The supersonic mixing layers with complex background waves are formed by the rocket jet and the entrained air in the mixing section of rocket-based combined-cycle (RBCC) engine during ejector mode. To achieve mixing enhancement of primary and secondary flows in confined space, a converging-diverging mixing duct was designed in this study. For a typical flight regime of RBCC ejector mode, the effects of the mixer geometry including the contraction ratio, the throat position of mixer and the converging angle on the flow structures and mixing characteristics in the converging-diverging mixing duct under no backpressure condition were numerically investigated. A detailed discussion on the mechanism of mixing enhancement in this mixer configuration was also presented. The results indicate that appropriately increasing the contraction ratio can significantly strengthen the interactions of background shock waves with supersonic mixing layer in the converging-diverging mixing duct, which effectively promotes the rapid and sufficient mixing between primary flow and secondary flow. Besides, shortening the length from the mixer inlet to the throat position can enhance the growth rate of mixing layer and the mixing efficiency of two flows in the upstream region of converging-diverging mixing duct to some extent. However, in the downstream far-field region, the variations of throat position have little impact on the scalar mixing process in supersonic mixing layer. Moreover, it is found that increasing the converging angle has no obvious effect on intensifying the mixing performance of the converging-diverging mixing duct. On the contrary, it may lead to a dramatic decrease in total pressure recovery. Further analysis reveals that the oblique shocks generated at the compression corner and the separation shocks formed in the divergent section interact with the supersonic mixing layer, which contributes to mixing enhancement in the converging-diverging mixing duct.

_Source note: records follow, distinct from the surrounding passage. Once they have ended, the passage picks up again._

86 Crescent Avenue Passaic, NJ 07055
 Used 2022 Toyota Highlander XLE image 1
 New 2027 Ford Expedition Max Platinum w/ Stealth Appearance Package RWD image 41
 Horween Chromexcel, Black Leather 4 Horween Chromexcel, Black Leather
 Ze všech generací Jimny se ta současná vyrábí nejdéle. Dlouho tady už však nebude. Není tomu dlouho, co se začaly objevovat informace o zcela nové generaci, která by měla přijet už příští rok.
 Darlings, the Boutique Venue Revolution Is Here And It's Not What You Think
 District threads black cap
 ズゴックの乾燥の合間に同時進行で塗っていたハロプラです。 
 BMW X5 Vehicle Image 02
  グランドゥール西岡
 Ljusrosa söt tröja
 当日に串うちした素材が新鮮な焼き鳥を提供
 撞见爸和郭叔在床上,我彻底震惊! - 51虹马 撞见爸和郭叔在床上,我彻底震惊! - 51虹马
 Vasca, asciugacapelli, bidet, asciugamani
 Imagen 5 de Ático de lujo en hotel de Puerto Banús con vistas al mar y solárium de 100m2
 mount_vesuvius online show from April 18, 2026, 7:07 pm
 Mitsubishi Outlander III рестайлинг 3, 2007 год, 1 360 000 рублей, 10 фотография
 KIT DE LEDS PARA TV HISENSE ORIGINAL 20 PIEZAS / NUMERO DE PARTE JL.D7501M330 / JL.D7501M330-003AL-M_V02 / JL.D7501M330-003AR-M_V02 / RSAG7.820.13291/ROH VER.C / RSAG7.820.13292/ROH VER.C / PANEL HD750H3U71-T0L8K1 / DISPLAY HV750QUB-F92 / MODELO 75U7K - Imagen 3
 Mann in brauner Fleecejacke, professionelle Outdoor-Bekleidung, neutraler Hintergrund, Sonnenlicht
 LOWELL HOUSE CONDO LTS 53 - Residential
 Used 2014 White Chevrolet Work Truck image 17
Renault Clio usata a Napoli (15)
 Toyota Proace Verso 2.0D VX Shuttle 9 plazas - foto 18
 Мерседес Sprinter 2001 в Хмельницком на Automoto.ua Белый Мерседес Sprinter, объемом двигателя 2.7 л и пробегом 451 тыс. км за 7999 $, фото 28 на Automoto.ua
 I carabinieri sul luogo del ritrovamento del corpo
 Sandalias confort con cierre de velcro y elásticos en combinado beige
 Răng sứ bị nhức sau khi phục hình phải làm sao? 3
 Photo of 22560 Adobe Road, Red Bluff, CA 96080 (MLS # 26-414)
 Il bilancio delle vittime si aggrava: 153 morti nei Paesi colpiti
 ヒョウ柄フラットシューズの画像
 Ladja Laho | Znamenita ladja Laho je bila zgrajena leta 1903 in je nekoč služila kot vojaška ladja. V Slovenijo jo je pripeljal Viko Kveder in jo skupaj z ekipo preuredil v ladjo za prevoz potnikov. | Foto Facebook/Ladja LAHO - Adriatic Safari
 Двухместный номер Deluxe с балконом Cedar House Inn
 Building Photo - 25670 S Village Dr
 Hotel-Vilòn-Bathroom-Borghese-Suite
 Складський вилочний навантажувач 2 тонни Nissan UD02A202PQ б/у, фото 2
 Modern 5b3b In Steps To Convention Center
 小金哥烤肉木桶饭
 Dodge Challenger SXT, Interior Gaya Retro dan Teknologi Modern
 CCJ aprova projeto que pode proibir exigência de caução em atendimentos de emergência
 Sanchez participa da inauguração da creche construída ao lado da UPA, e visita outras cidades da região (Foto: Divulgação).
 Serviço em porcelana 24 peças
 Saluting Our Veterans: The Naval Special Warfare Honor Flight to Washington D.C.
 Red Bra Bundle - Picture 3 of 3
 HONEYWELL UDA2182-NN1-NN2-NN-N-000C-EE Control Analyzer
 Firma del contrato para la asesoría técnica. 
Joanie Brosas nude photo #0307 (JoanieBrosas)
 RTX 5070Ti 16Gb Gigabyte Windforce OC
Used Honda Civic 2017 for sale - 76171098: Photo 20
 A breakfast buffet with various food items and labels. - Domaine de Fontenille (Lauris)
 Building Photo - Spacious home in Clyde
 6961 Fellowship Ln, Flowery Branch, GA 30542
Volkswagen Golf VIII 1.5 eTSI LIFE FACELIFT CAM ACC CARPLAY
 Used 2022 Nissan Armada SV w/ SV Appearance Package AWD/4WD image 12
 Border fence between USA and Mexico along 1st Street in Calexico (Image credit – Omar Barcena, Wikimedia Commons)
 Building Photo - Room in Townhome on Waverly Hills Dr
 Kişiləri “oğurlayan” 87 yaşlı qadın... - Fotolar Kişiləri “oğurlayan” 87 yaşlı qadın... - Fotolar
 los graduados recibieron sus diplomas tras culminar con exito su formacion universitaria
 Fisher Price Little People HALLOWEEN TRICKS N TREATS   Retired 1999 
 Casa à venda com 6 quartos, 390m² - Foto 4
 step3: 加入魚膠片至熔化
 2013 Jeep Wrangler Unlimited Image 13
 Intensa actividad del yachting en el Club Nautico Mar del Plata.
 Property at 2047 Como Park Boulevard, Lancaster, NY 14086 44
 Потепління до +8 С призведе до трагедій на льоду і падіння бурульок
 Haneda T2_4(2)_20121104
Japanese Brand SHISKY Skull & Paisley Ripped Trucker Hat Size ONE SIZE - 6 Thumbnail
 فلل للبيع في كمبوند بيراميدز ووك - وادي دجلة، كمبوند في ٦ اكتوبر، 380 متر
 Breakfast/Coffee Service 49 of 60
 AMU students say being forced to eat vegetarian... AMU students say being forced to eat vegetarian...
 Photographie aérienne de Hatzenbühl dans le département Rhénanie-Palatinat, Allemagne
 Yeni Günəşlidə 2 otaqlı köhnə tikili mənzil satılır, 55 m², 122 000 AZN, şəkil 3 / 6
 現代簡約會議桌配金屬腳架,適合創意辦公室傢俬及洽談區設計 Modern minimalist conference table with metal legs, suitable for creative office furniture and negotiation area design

在喷射器模式下，具有复杂背景波的超音速混合层是由火箭射流和夹带空气在基于火箭的联合循环（RBCC）发动机的混合段中形成的。为了在密闭空间中实现一次流和二次流的混合增强，在本研究中设计了一个收敛-发散混合管道。对于RBCC喷射器模式的典型飞行状态，在无背压条件下，数值模拟了混合器几何形状（包括收缩率，混合器的喉部位置和会聚角）对会聚-扩散混合管中流动结构和混合特性的影响调查。还介绍了这种混合器配置中混合增强机制的详细讨论。结果表明，适当增大收缩比可以显着增强本底激波与超声速混合层在汇流-扩散混合管道中的相互作用，从而有效地促进了一次流动和二次流动之间的快速充分混合。此外，缩短从混合器入口到喉部位置的长度可以在一定程度上提高混合层的生长速率和在汇流-扩散混合管道的上游区域中的两个流的混合效率。然而，在下游远场区域，喉部位置的变化对超声速混合层中标量混合过程的影响很小。此外，结果发现，增大会聚角对增强会聚-混合管的混合性能没有明显影响。相反，它可能导致总压力恢复急剧下降。进一步的分析表明，在压缩角产生的斜向冲击和在发散段中形成的分离冲击与超音速混合层相互作用，这有助于会聚-扩散混合管道中的混合增强。